_WORK REQUIRED_
Only certain lines below are wanted: those starting at the line containing "Camisa Kenneth Cole" and ending at the line containing "Gallery image thumbnail", both included, each retyped exactly.
*** SUPPLIED INFORMATION ***
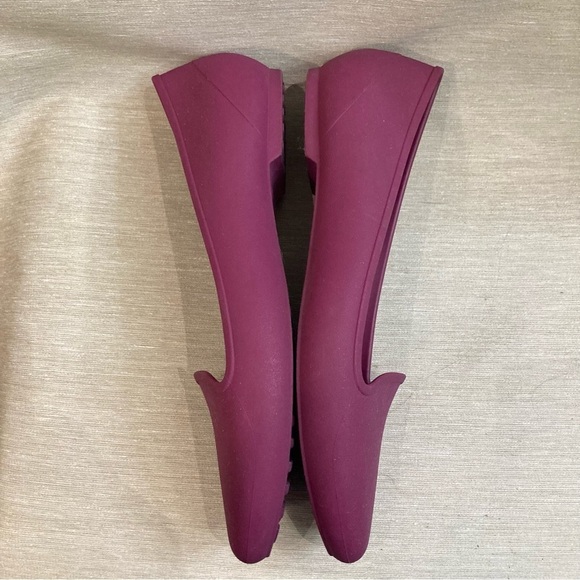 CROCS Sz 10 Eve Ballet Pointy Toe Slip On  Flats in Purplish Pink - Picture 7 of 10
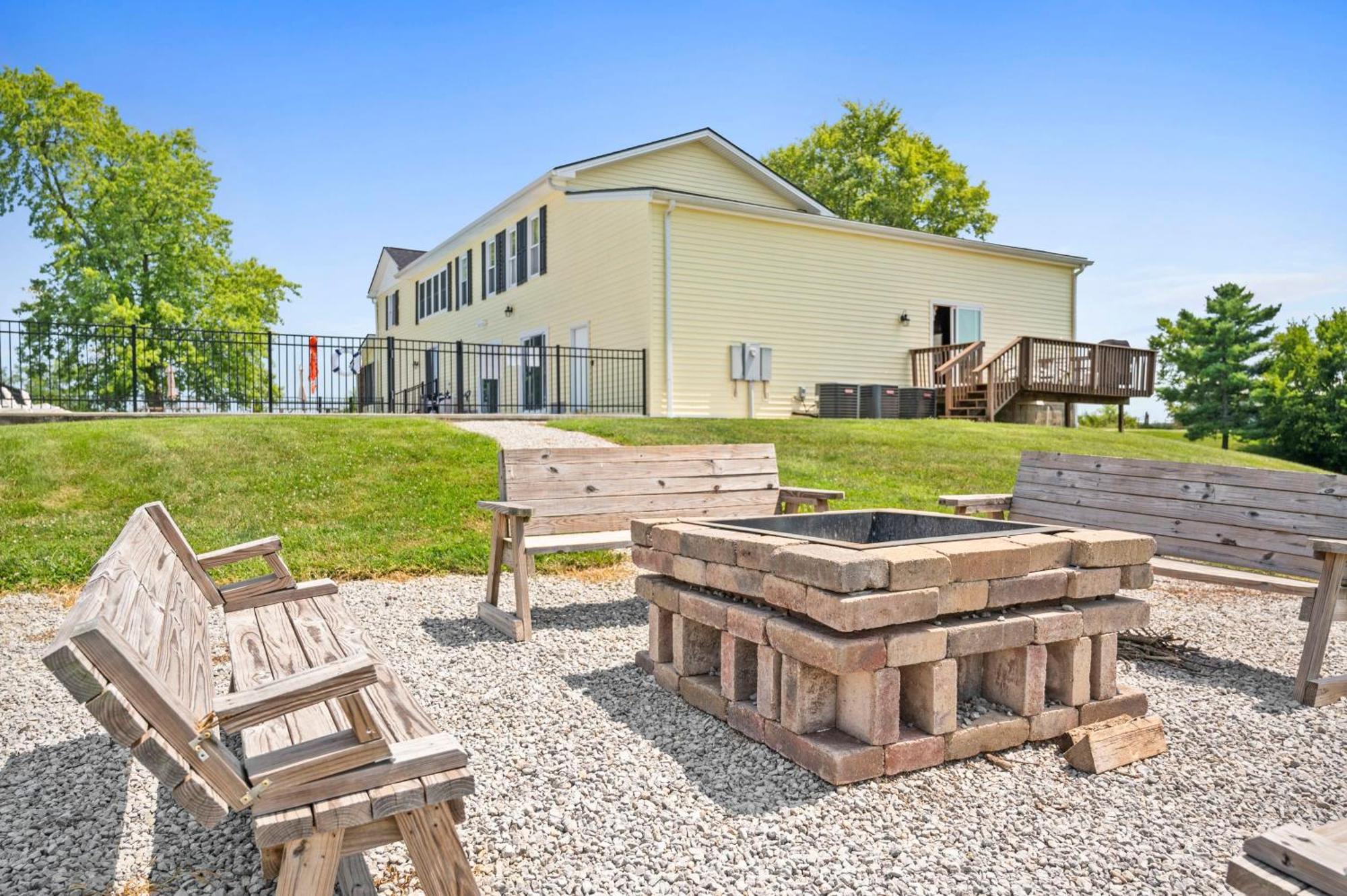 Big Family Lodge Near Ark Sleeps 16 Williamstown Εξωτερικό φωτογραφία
*** End of SUPPLIED INFORMATION ***
*** SUPPLIED INFORMATION ***
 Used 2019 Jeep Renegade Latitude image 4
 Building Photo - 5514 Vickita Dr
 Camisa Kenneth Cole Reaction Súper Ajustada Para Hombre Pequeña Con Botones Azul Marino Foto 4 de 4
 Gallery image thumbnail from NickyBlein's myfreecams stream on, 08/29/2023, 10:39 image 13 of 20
*** End of SUPPLIED INFORMATION ***
_EXERCISE OUTPUT_
 Camisa Kenneth Cole Reaction Súper Ajustada Para Hombre Pequeña Con Botones Azul Marino Foto 4 de 4
 Gallery image thumbnail from NickyBlein's myfreecams stream on, 08/29/2023, 10:39 image 13 of 20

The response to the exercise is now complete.